CORTE SUPREMA DE JUSTICIA CORTE SUPREMA DE JUSTICIA SALA DE CASACIÓN CIVIL MAGISTRADA PONENTE: RUTH MARINA DÍAZ RUEDA Bogotá D, C., primero (1) de febrero de dos mil diez (2010). Ref.: Exp. 11001-22-10-000-2009-00416-01 Decide la Corte la impugnación interpuesta contra la sentencia proferida el 25 de noviembre de 2009 por el Tribunal Superior del Distrito Judicial de Bogotá, Sala de Familia, por la cual concedió el amparo solicitado por el señor Jaime Roberto Montejo Nossa frente al Juzgado Trece de Familia de esta ciudad, trámite al que fueron vinculados Norma Constanza Calle Pinzón y el Defensor de Familia adscrito al Despacho accionado.

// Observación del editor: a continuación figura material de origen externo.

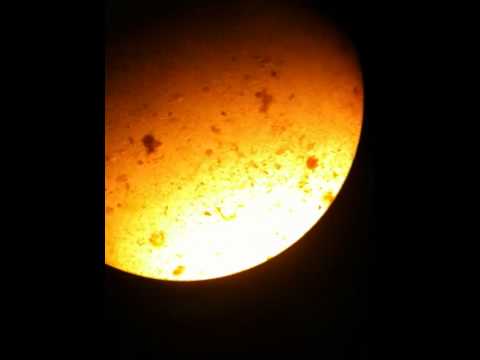 pourquoi les oxyures sortent la nuit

ANTECEDENTES 1. El apoderado del interesado quien pide para su representado la protección de los derechos fundamentales al debido proceso y acceso a la administración de justicia, requiere que se ordene al Juzgado demandado “excluir los factores de primas técnicas, de antigüedad, viáticos y bonificaciones por no ser base del proceso de disminución de cuota, ya que los mismos no estaban plasmados en el escrito del año 2002 elaborado en el mismo Juzgado”, (sic) folios 28 y 29; igualmente solicita, que le reintegre a su mandante los dineros “mal embargados desde el día que conoció el Juzgado la existencia de otro hijo, es decir desde la admisión del presente proceso de disminución de cuota día 25 de abril de 2008, hasta la fecha” (sic) (folio 29), y, que, “en su defecto de no prosperar los numerales anteriores se decrete la nulidad de la audiencia de fallo, y se ordene tener en cuenta lo aquí peticionado para resolver la misma” (sic) (folio 29).

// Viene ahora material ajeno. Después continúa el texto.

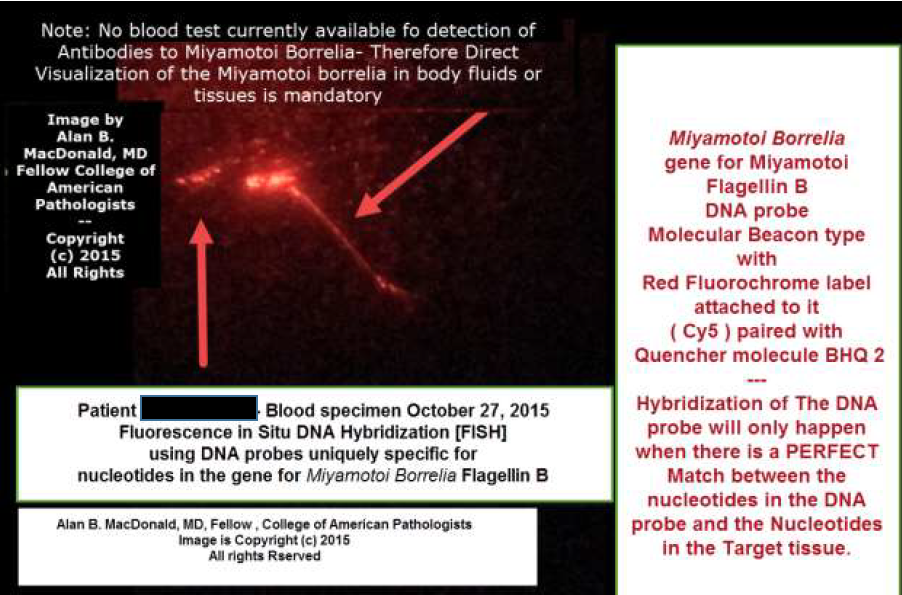 First Human Case Of Borrelia Miyamotoi In Norway NorVect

Adujo en intrincado escrito que obra a folios 23 a 30, en síntesis, que ante el Juzgado accionado su mandante tramitó proceso de fijación de cuota de alimentos en beneficio de su hija menor de edad, Nataly Montejo Calle, y en la audiencia de conciliación llevada a cabo el 12 de septiembre de 2002, con la madre de la niña, señora Norma Constanza Calle Pinzón, acordaron que desde del mes de octubre siguiente aportaría el 25% del sueldo devengado en la Secretaría de Salud Distrital, así como el 15% de las primas de junio y diciembre, valores que le serían descontados directamente por el pagador de la nombrada dependencia, y, que, igualmente quedó pactado que a partir del nacimiento “del tercer hijo del aquí demandante (…) la cuota pactada se disminuirá al 16.6% de dicho salario” (folio 24).
Agregó que en el año 2008, su poderdante instauró demanda de reducción de la cuota, por el nacimiento de Julián Santiago acaecido el 11 de diciembre de 2007, la que se admitió el 25 de abril de ese año, y adelantado el trámite, se llevó a cabo la audiencia de fallo el 6 de octubre de 2009 en la cual el Juez Trece de Familia de esta ciudad, fijó como nueva cuota de alimentos para Nataly el 17% de los ingresos totales mensuales de Montejo Nossa, incluyendo en tal porcentaje las primas técnicas de antigüedad, viáticos y bonificaciones, así como el 15% de las primas de mitad y fin de año, sentencia en la que si bien se dijo acceder a las pretensiones terminó siendo un aumento de la cuota que se viene proporcionando y con la que se hizo mucho mas gravosa la situación de su mandante, ya que se incluyeron factores salariales que no fueron considerados en el año 2002, por lo que asevera que, “en caso que se quiera incluir estos factores salariales deben demandar a mi defendido en un proceso de aumento de cuota alimentaria, haciendo énfasis en que el proceso que estoy tutelando se le dio un trámite erróneo de fijación de cuota alimentaria” (sic) (folio 26). 2.
El Juez atacado además de remitir el expediente del proceso que de aquí se trata, se refirió a las actuaciones adelantadas y manifestó que en la decisión adoptada dio adecuado valor probatorio a la documentación y declaraciones obrantes en el expediente, y tomó en consideración la variación de las condiciones domésticas de Montejo Nossa. Igualmente en extenso, acaró la razón de ser de la condena impuesta (folios 41 a 46).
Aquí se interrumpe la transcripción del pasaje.